WORK INSTRUCTIONS
Using the listing below, print the line containing "Thumbnail: 2023 Chevrolet Camaro - 1", the line containing "2026 MAZDA 3 Base", and each line between them, exactly and nothing else. Pictures stay out of the print.

SUPPLIED DATA
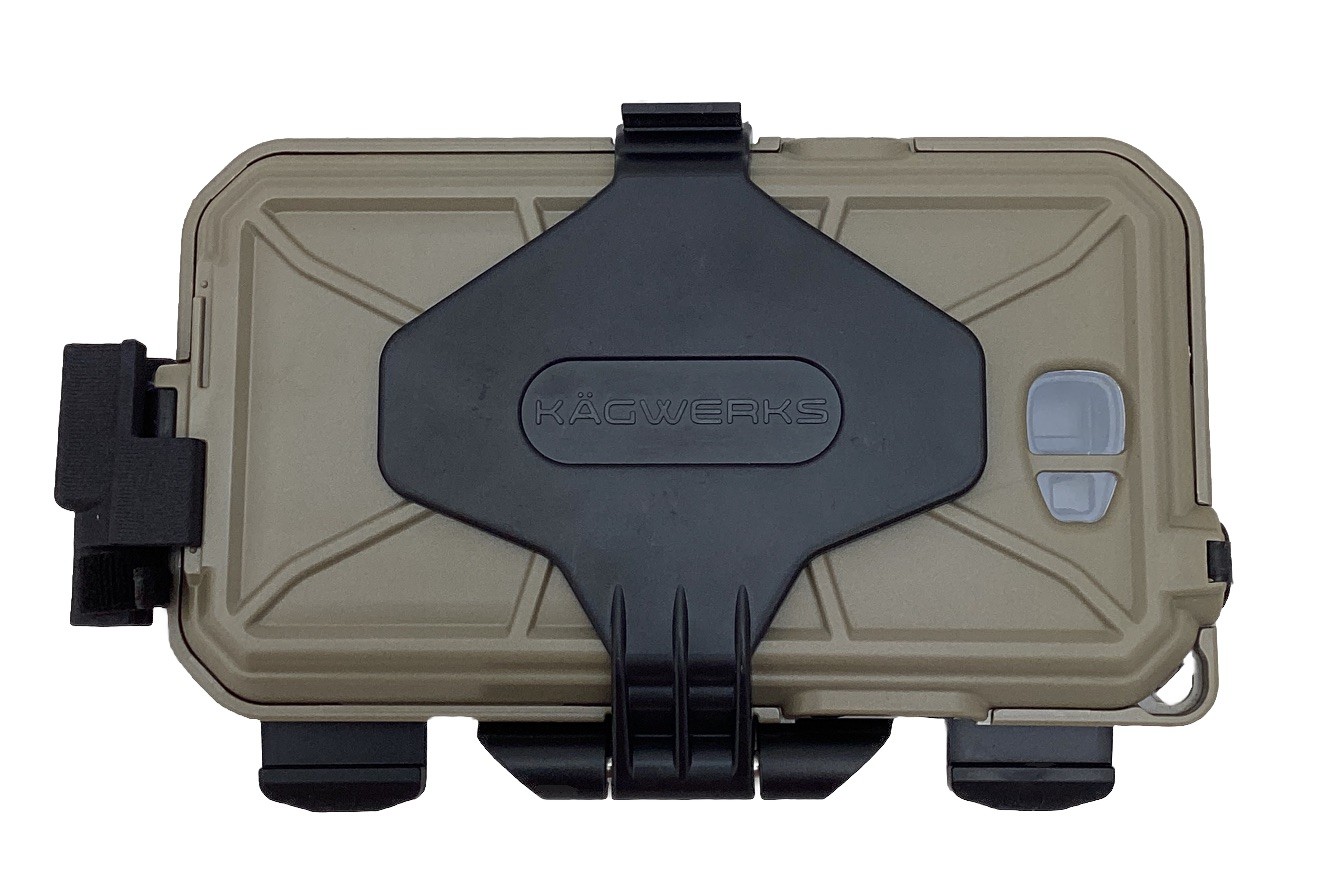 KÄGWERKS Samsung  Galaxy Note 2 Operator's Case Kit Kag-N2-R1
--
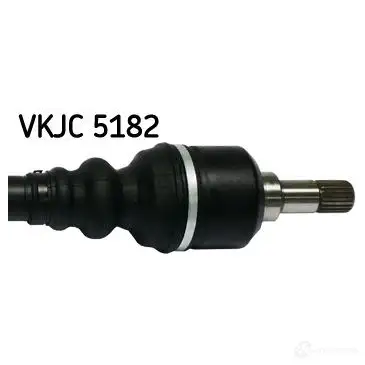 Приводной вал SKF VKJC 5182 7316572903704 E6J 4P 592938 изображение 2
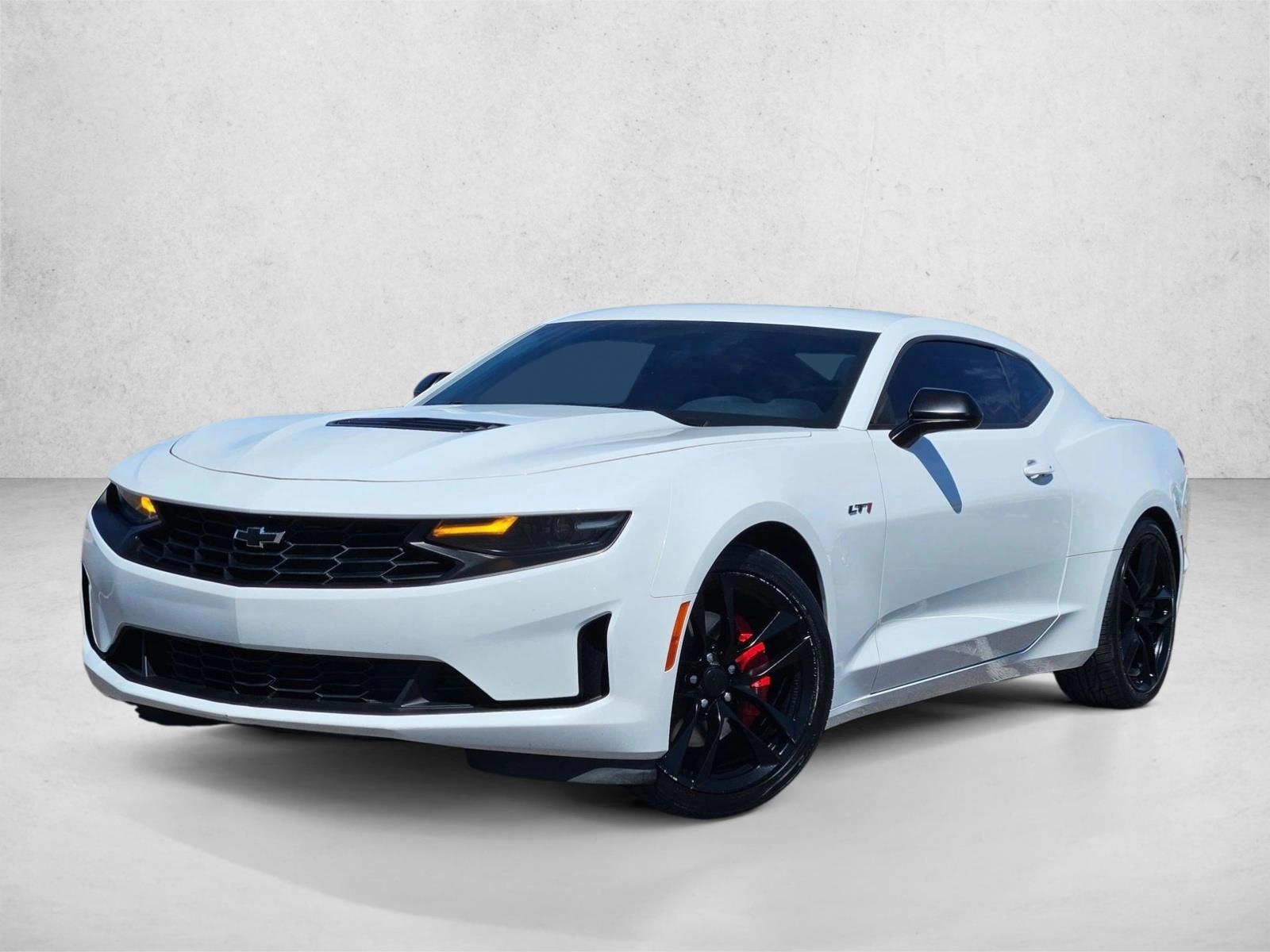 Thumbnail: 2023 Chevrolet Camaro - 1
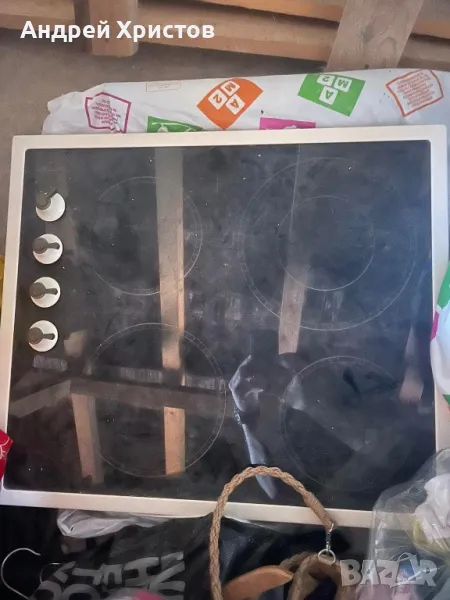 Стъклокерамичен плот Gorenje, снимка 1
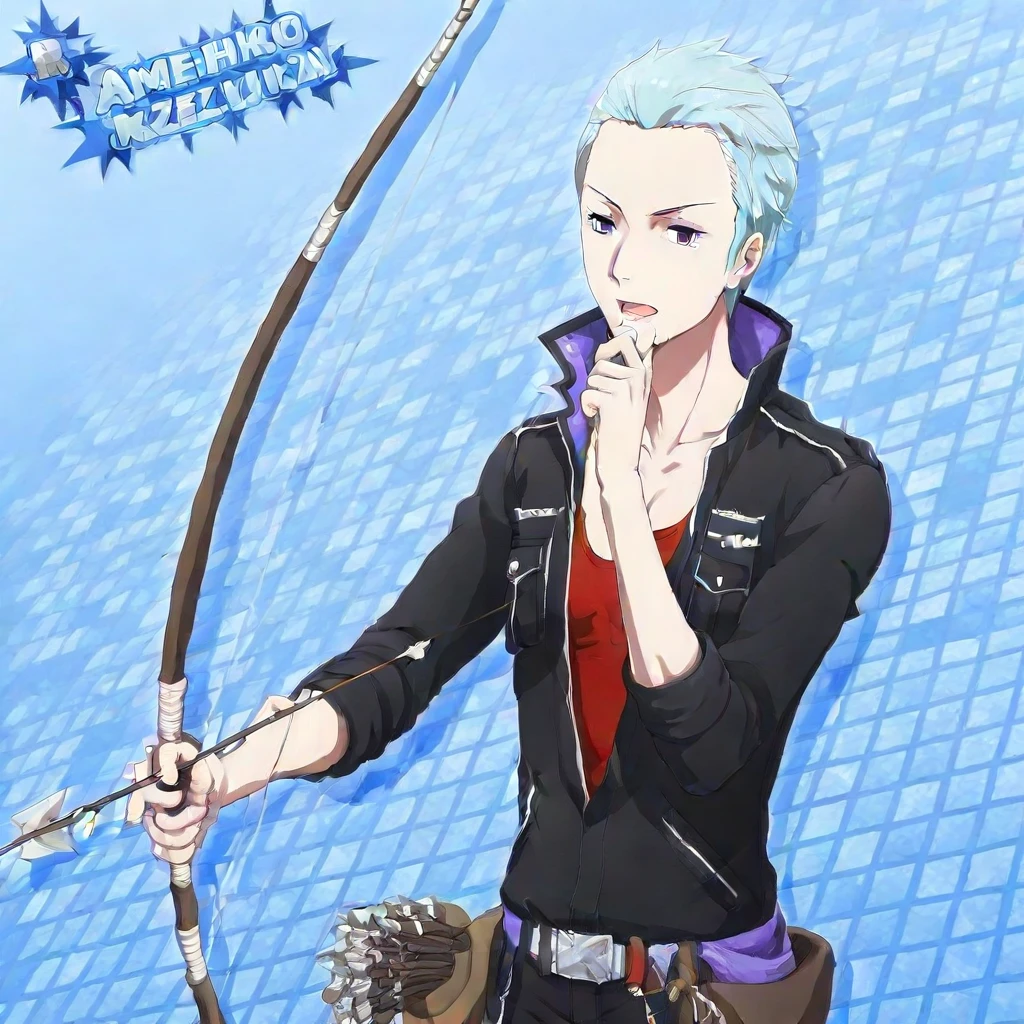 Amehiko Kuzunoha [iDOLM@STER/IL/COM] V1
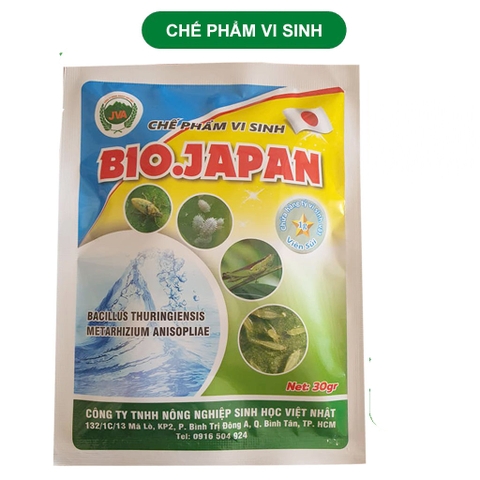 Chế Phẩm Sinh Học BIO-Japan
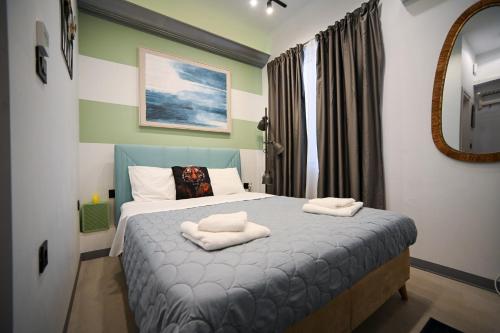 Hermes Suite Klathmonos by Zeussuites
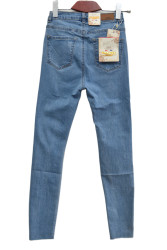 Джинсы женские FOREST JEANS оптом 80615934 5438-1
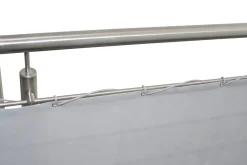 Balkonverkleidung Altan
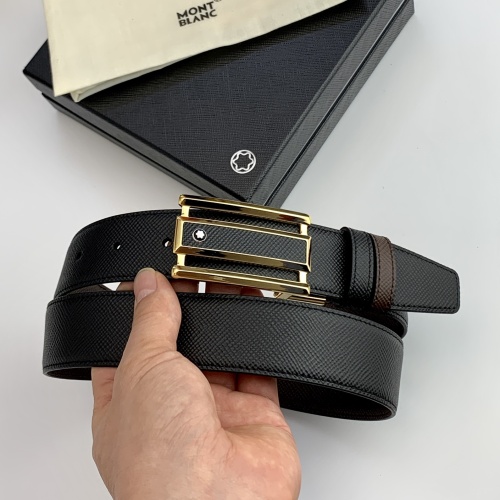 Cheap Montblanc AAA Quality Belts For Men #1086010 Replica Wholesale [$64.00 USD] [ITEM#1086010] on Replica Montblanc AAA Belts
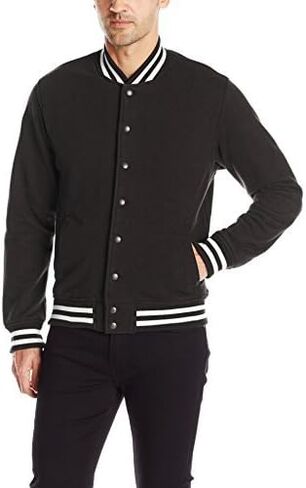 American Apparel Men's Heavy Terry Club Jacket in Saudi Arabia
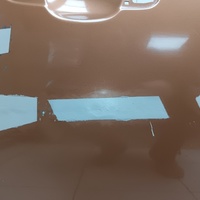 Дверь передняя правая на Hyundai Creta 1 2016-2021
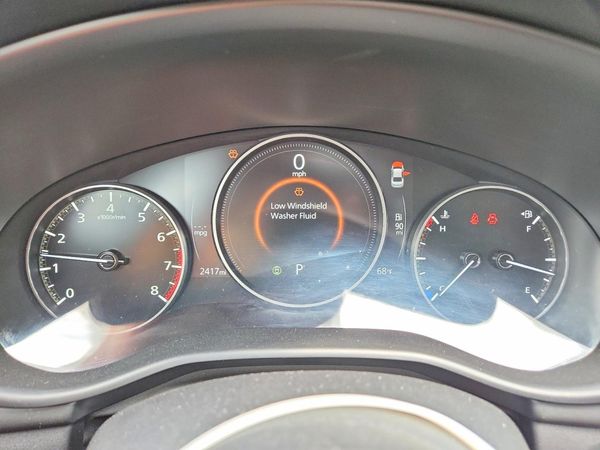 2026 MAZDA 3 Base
...
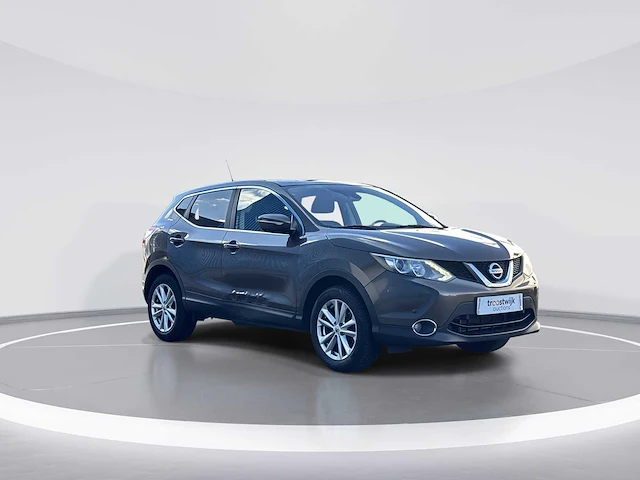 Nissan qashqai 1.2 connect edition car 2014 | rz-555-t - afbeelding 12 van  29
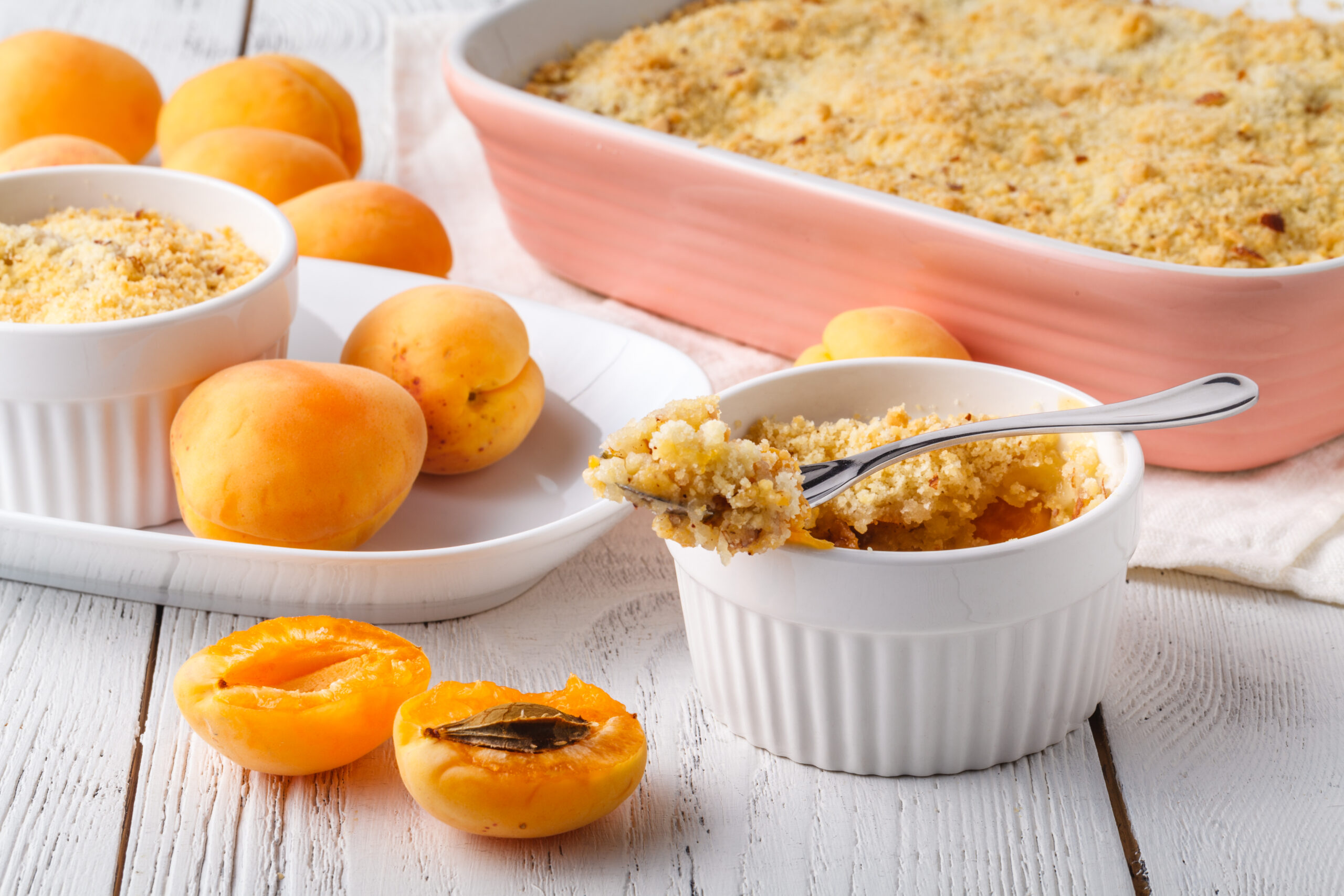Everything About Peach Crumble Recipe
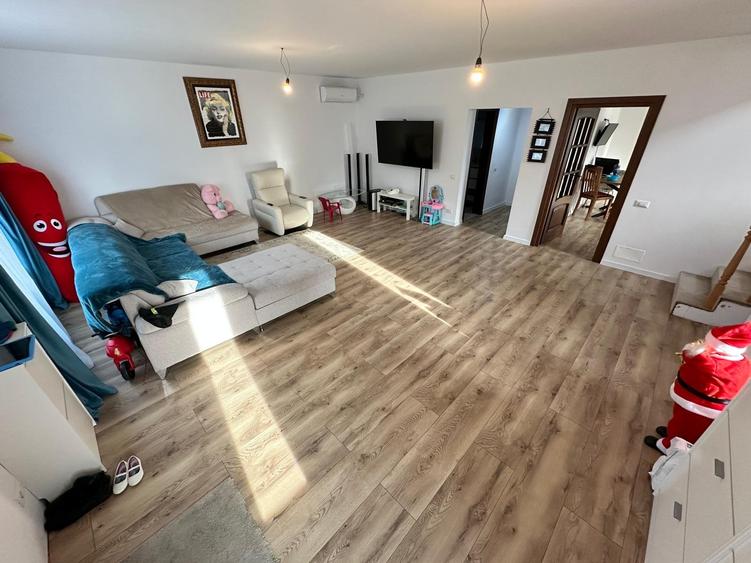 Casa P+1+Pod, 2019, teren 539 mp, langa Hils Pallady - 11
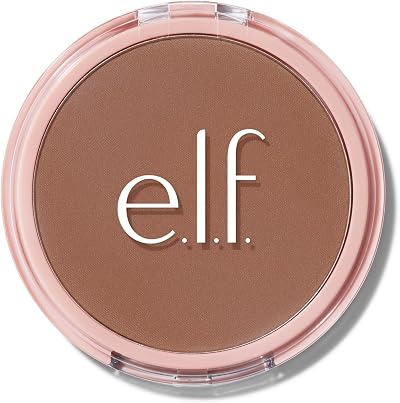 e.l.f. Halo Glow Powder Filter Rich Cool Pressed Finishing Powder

RESPONSE
 Thumbnail: 2023 Chevrolet Camaro - 1
 Стъклокерамичен плот Gorenje, снимка 1
 Amehiko Kuzunoha [iDOLM@STER/IL/COM] V1
 Chế Phẩm Sinh Học BIO-Japan
 Hermes Suite Klathmonos by Zeussuites
 Джинсы женские FOREST JEANS оптом 80615934 5438-1
 Balkonverkleidung Altan
 Cheap Montblanc AAA Quality Belts For Men #1086010 Replica Wholesale [$64.00 USD] [ITEM#1086010] on Replica Montblanc AAA Belts
 American Apparel Men's Heavy Terry Club Jacket in Saudi Arabia
 Дверь передняя правая на Hyundai Creta 1 2016-2021
 2026 MAZDA 3 Base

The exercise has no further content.